11. As we have said earlier that the detention order was passed after taking into account that accused was in custody. There has been no denial of the proposition of law that the order of detention can be passed in respect of a person who is already in custody in respect of a criminal case. However, in a decision rendered in a case of Huidrom Konungjao Vs. State of Manipur & Ors., (2012) 7 SCC 181 , it has been held that if such detention order is challenged, detaining authority ought to satisfy the court following facts: (i) the authority was fully aware of the fact that detenu was actually in custody; (ii) there was reliable materials before the said authority on the basis of which it could have reasons to believe that there is reliable possibility of release on bail and further on being released, he would probably indulge in activities which are prejudicial to the public order.

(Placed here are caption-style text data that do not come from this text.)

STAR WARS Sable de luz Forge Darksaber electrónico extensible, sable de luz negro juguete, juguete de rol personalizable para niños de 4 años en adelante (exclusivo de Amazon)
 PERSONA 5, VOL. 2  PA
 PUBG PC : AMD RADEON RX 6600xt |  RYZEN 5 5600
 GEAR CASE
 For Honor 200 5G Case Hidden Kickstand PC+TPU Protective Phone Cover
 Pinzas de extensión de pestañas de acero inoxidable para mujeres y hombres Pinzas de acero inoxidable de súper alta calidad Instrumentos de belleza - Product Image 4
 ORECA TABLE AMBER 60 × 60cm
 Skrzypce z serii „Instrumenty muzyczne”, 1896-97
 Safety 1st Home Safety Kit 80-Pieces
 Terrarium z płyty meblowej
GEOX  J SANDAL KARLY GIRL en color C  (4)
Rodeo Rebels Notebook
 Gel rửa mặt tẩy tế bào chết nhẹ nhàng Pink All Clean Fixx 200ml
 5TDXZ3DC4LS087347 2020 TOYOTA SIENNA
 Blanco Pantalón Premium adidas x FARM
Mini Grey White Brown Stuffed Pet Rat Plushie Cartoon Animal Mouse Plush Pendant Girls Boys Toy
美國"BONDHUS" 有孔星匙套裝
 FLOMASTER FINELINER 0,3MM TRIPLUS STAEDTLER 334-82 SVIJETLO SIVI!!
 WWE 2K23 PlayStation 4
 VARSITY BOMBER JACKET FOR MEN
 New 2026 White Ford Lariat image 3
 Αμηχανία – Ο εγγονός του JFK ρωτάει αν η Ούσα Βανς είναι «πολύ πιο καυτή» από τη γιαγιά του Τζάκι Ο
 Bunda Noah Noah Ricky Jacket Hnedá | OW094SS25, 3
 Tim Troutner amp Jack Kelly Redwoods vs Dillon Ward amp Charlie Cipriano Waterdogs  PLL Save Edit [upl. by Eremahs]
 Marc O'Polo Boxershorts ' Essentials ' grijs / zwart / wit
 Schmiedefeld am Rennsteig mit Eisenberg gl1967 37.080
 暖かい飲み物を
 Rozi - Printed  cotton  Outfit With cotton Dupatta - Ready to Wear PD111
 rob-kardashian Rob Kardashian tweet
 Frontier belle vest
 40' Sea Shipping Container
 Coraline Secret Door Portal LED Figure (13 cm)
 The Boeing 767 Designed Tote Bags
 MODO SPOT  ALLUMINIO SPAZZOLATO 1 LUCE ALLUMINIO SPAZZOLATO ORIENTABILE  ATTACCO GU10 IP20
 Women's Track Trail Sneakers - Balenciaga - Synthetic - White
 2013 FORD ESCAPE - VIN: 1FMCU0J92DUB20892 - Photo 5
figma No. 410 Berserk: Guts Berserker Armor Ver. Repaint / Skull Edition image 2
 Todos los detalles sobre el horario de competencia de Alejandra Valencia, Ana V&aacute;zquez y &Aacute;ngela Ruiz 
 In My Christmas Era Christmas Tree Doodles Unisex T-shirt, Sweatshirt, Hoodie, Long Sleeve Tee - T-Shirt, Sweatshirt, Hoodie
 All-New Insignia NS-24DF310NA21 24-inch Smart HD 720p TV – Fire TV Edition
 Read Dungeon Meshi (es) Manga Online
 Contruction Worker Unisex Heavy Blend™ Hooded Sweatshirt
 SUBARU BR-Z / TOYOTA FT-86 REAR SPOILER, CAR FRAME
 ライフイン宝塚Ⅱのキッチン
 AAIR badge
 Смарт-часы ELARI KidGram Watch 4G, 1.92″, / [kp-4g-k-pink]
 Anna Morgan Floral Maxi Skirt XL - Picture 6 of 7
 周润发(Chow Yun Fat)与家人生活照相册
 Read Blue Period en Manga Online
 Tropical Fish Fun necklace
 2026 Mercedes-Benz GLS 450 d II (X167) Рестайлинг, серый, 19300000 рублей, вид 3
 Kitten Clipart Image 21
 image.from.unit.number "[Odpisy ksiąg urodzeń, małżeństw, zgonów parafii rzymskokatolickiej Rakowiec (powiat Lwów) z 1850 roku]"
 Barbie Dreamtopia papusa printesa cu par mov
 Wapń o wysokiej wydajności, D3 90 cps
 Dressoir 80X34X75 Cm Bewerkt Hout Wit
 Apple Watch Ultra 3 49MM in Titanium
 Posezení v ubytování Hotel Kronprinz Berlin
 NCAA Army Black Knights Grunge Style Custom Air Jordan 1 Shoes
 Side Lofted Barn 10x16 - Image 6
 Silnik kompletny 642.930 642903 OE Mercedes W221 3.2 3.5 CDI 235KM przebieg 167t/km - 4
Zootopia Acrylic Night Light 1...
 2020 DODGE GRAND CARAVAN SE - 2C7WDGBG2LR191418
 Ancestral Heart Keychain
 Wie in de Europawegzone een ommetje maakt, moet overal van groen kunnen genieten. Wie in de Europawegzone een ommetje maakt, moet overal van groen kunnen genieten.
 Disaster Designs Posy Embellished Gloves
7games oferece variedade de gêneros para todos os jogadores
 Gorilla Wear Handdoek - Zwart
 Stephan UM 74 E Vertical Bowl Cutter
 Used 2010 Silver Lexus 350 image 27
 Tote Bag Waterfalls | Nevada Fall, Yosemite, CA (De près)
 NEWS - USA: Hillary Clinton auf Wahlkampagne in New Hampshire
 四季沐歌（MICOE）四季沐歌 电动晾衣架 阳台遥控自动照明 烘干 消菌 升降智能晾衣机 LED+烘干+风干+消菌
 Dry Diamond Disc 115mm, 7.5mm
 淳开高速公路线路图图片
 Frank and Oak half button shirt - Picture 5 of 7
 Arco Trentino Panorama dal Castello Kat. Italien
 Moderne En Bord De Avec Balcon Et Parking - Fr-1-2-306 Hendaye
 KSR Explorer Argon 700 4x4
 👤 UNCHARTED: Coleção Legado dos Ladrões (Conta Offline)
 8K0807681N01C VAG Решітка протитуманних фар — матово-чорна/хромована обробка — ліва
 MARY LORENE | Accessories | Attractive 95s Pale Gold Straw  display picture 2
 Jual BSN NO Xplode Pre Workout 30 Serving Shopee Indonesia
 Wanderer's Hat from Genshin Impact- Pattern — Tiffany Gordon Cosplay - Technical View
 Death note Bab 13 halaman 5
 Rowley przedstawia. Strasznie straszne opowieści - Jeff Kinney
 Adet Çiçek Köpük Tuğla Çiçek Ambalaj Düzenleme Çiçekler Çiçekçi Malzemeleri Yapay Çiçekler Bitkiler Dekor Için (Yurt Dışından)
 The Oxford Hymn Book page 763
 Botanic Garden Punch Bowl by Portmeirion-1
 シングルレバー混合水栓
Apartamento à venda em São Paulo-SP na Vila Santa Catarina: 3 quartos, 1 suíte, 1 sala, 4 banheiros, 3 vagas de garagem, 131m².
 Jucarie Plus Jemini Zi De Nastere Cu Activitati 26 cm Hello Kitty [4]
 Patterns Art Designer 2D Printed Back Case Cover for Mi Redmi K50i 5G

Further, it has been observed that in cases where this fact does not exist, the detention order would stand vitiated. 12. In the light of the decision, if we examine the legality of the detention order we would find that the detaining authority though has recorded that there is likelihood of detenu being released on bail on account of the fact that in similar cases bail is being granted but reference of not a single case has been given so as to find out whether bail is being granted in similar allegation and as such, it can be easily said that the said satisfaction has been recorded without there being any basis, rather it is imaginary one and, thereby the order of detention is not sustainable in the eye of law. 13. Thus, we do find that subjective satisfaction of the detaining authority of likelihood of the accused being released on bail, is not based on any factual aspect and thereby order of detention, being bad, is hereby quashed. Consequently, the detenu, Satkholen Lhouvum, s/o (L) Doukholun @ doulun Lhouvum of Lasan Village, P.S Tamei, District Tamenglong, Manipur, is directed to be released forthwith if he is not wanted in connection with any other case. Thus, this application is allowed.